Joe Ponepinto's avatar

Persistence, yes, and I think a large part of being able to do that is not worrying about the reward.

As for imagining the minds of people who lived in other times and places, I find it fascinating to try to access cultural values that are so different from ours today. If there's a way to tie this into a discussion of literature, I think the exercise helps us see how silly, perhaps futile, the practice of revisionist fiction is. That kind of writing is deeply flawed, not because it assumes people in other times and places could have known what we value today, but because it assumes they should have known.

Anthony Otten's avatar

Sapienza's story reminds me of John Kennedy Toole here in the US. Roundly rejected in life but then awarded a Pulitzer a decade after his death. So much comes down to who's reading your work and whether they connect with your voice.

Joe Ponepinto's avatar

I thought about John Kennedy Toole as well when I learned Sapienza's story. In his case it was his mother who championed his work until an editor at a publishing house agreed to read it. Much has changed since those days. Agents were once authors' champions, but publishing has become so much of a business they now give up trying to sell a book more often than they stay with one.

Vartan Koumrouyan's avatar

I love the Mediterranean laissez-aller mood of a midday nap.
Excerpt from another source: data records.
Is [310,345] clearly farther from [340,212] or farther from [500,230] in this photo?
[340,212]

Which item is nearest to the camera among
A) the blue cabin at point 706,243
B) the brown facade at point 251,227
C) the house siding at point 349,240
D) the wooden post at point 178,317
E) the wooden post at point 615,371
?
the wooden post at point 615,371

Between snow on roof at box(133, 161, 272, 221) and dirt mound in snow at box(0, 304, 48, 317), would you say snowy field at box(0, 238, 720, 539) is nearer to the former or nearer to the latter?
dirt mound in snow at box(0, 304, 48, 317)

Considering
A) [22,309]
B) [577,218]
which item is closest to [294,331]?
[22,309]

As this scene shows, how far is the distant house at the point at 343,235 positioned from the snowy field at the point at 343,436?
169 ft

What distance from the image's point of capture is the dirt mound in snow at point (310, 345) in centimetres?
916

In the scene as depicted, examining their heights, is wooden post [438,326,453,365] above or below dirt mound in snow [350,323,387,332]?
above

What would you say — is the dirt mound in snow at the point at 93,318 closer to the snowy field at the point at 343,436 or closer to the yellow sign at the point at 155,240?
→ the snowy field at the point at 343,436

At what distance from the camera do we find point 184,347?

I was also interested in the Second Punic war in the Messina Strait between Scipio Africanus and Hannibal Barca, 205 BC, and I love the arid wheat plains and the grasshopper whizzing at the start of the day when the temperature is too dry to cool by the sea breeze. The old stone walls and half ruins abandoned houses and the good pasta Pavarotti loved to eat and when Maradona played for Napoli.

Vartan Koumrouyan's avatar

One has to have a long view in such places to appreciate what it means. The Roman Empire is the foundation of the western civilization, there’s no two ways about it, as the saying goes, all roads lead to Rome, the roads around the Mediterranean coast. Some critics say that Julius Caesar’s model was Alexander the Great, who cried when he was told him there was no more earth to conquer. The history of the human race transitioned from the ancient Mesopotamia and Babylon to the modern period, with the absorption of the new Christian faith, to today, that lasted a millennia, if we consider the Constantinople period, now Istanbul, that lasted 1093 years in the same place, the eastern capital of the Roman Empire, until the rise of The ottoman in 1453.

I was being just curious..and like to know the origin of things..there’s an audiobook of the letters of Pliny the Younger and his description of his villa near the sea that is breathtaking, written two thousand years ago … as if he wrote it last week..

Vartan Koumrouyan's avatar

Cicero’s and the letters of Pliny the Younger also, escaped my mind yesterday, to add to the list of my appreciation of old Rome and present day Italy, that I suppose some parts of the country still retains in the faded paintings and mosaic floors and baths.

Joe Ponepinto's avatar

Makes me wonder what kind of appreciation the average Sicilian has for the history and art that are everywhere in this place. The people one interacts with as a tourist rarely allude to such things. They seem more interested in just getting by day today. The exceptions are the docents at the cathedrals and museums.

Joy DeSomber's avatar

The narrow sidewalks, wine, cheese, conversation, community. Thank you for this lovely piece. Italy has always had a special place in my heart.

That’s fascinating about the author; I’ve never heard of her.

LindaAnn LoSchiavo's avatar

My paternal grandfather, born and bred in Stromboli, attended classes in their one-room schoolhouse for a few years only. But he taught himself to read, write, and carve beautiful things from wood. He made splendid wine from grapes he grew himself. And I learned so much about Italian Grand Opera as a tot from my Eolian grandparents. "Poverty" - - in my eyes - - defines people who grew up with a TV instead of with a keen appreciation of real culture.

Joe Ponepinto's avatar

A good definition. It's unfortunately one that describes me, and I've been trying to rectify that for a long time.